The impact of impaired GABA neurotransmission, especially via parvalbumin- and somatostatin-containing GABA neurons, on information processing in the dorsolateral prefrontal cortex may reveal how the conserved regional pattern of GABA-related transcript alteration observed in the present study could contribute to cortical dysfunction more broadly in schizophrenia. The network of parvalbumin-containing neurons, formed via both chemical and electrical synapses, plays a central role in generating oscillatory activities at the gamma band range (30–80 Hz)
(38), whereas the network of somatostatin-containing neurons appears to be important for producing oscillations at the theta range (4–7 Hz)
(39) . In the dorsolateral prefrontal cortex, gamma band oscillations are induced and sustained during the delay period in working memory tasks
(40), and their power increases in proportion with memory load
(41), indicating that gamma band oscillations are associated with local neuronal processing critical for the maintenance and manipulation of information. On the other hand, theta band oscillations are recorded across widely distributed areas during working memory tasks
(42), indicating their importance in orchestrating global interactions among distributed neuron networks. Together, these findings suggest that altered GABA neurotransmission by parvalbumin- and somatostatin-containing GABA neurons would have marked effects on the oscillatory activity of cortical neuronal networks required for dorsolateral prefrontal cortex functions. Consistent with this interpretation, recent studies have demonstrated impaired performance and reduced frontal gamma
(43) and theta
(44) activity in subjects with schizophrenia during cognitive tasks. Interestingly, cortical oscillations, especially at the gamma band range, have also been associated with primary motor
(45) and visual
(46) processing, and abnormal visual perception accompanied by reduced gamma band activity has been reported in occipital cortical areas of individuals with schizophrenia
(47) . Furthermore, abnormal gamma and theta oscillations observed in schizophrenia subjects during auditory processing tasks
(48) might reflect altered GABA neurotransmission in auditory cortices
(23,
24) . Therefore, altered GABA neurotransmission mediated by parvalbumin- and somatostatin-containing GABA neurons may contribute to the dysfunction of multiple cortical areas in subjects with schizophrenia by disturbing cortical oscillations.

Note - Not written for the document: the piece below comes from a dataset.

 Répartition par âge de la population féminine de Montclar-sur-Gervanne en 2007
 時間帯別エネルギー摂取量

In addition to altered transcript expression in GABA neurons, this study revealed comparable reductions across cortical areas in mRNA levels for GABA
A receptor α1 and δ subunits, both of which are expressed in cortical pyramidal and GABA neurons
(49) . Because α1 and δ subunits are frequently present in synaptic and extrasynaptic receptors, respectively
(50), these findings suggest that reduced phasic (synaptic) as well as tonic (extrasynaptic) inhibition in both pyramidal and GABA neurons might be a feature shared by multiple cortical areas. Although it remains to be determined if these changes represent a primary pathology affecting postsynaptic GABA signaling or a process secondary to the alteration of presynaptic GABA neurons, reduced phasic and tonic inhibition appear to influence the selection and integration of excitatory inputs to cortical neurons
(50) and could contribute to impaired information processing in each cortical area.

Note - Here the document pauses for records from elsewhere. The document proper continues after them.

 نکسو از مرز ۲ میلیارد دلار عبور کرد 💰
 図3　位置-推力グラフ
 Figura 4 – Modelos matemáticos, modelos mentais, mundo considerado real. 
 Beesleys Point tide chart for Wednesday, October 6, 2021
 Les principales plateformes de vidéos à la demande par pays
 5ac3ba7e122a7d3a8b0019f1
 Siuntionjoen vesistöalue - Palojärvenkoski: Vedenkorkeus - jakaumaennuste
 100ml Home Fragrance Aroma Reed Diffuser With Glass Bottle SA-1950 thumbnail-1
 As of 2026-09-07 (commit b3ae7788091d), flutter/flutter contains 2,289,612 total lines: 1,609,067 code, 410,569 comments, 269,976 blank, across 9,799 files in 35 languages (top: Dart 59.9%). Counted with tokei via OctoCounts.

In summary, the findings of this study suggest that disturbances in the expression of a set of GABA-related mRNA commonly found in the dorsolateral prefrontal cortex in subjects with schizophrenia are conserved across at least three other regions of the neocortical mantle. Thus, disturbances in GABA neurotransmission by specific cell types through certain types of GABA A receptors could represent a common pathophysiology for different domains of cortical dysfunction in schizophrenia, raising the possibility that pharmacological agents with the appropriate specificity for certain GABA-related targets might be effective for a range of clinical features of the illness.